本发明还认为, 不同的音频信号有不同的音元组成, 音元与音元之间的差异 与信号内容有关。顺序连接的性状相同或相近似的音元重复次数愈多, 则表达同一 内容的声音在时间上持续得愈长。 同理,顺序连接的性状相同或相近似的音元个数 愈少, 则表达同一内容的信息在时间上持续得愈短。 因此, 本发明的音频信号保真 变速处理方法就是在音频信号中人为地增加或减少这种顺序连接的性状相同或相 近似的信息单元, 使表达同一内容的信息在时间上持续得更长或更短,从而达到保 真变速处理的目的。
实施例 1
为了在音频信号中加入或删除一定量的声音信息, 首先应考虑的问题是在什么 地方插入或删除声音信息, 插人或删除怎样的信息。

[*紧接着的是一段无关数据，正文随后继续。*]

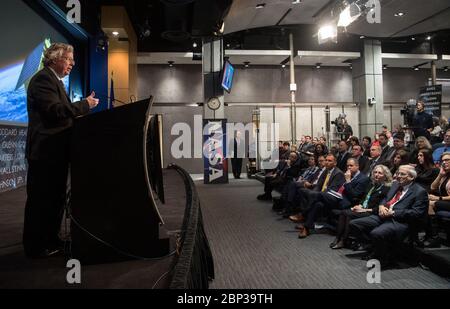 Sentinel-6A-Jason-CS Umbenennungszeremonie Stephen Volz, stellvertretender Administrator der Nationalen Ozeanischen und Atmosphärischen Verwaltung (NOAA) für Satelliten- und Informationsdienste, spricht bei einer Umbenennungszeremonie für den internationalen Ozeanforschungssatelliten, der früher als Sentinel-6A/Jason-CS bekannt war, am Dienstag, den 28. Januar 2020, im NASA-Hauptsitz in Washington. Die NASA und ihre europäischen Partner haben den Satelliten Sentinel-6 Michael FREILICH nach dem ehemaligen Direktor der Earth Science Division der NASA, Dr. Michael FREILICH, umbenannt. Sentinel-6A Michael FREILICH wird globale Meeresspiegeländerungen beobachten und aufzeichnen Stockfoto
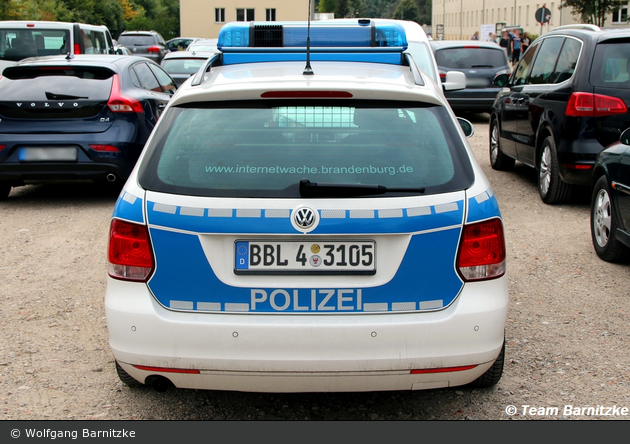 BBL4-3105 - VW Golf Variant - FuStW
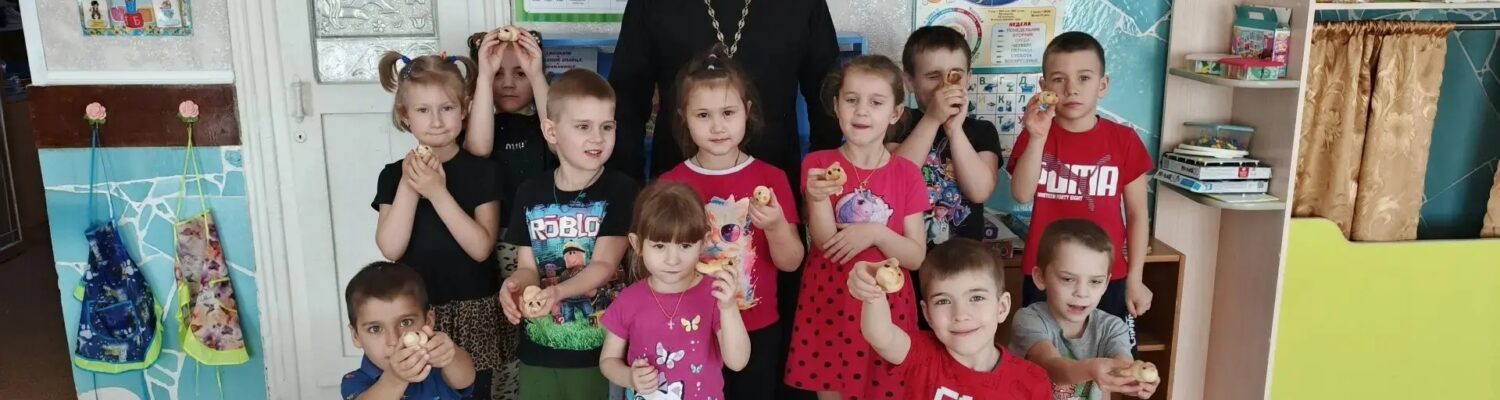 Настоятель Покровского храма посетил Шапошниковский детский сад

音频信号保真变速处理包括两个方面:音频信号保真变慢处理和变快处理。先讨 论音频信号保真变慢处理方法。 首先将音频信号切割成小段, 每小段的长度应在 0.1-400毫秒之间。 在部分或所有小段后插入一段信息单元。
众所周知, 通常人耳的听觉范围一般在 20Hz至 20kHz之间。 频率在这段范围 内的声音是人耳所能听到的。本发明人根据实验,如要在整个可听范围内用本发明 进行变速处理, 并达到较好的效果, 则上述每小段的长度最好在 0.1 - 400毫秒之 间。 考虑到语言信号的频带范围一般在 200至 4000Hz , 所以对于语言信号, 小段 较佳的长度范围为 1-20毫秒。
在确定了插入声音信息的位置后, 需进一步确定插入多少声音信息。 这应根据 用户所要求的变速的程度来决定, 例如需要将声音延长 1/2, 即如原来正常放 1分 钟的内容, 现在要放 1.5分钟。 这就需要在原来的音频信号中插人 1/2倍的声音信 息, 可以有如下几种插入方法:
1 . 在每个切割点插入一段长度等于切割点前一小段的 1/2的信息单元; 2 . 在每隔一个切割点插入一段长度等于切割点前一小段的信息单元。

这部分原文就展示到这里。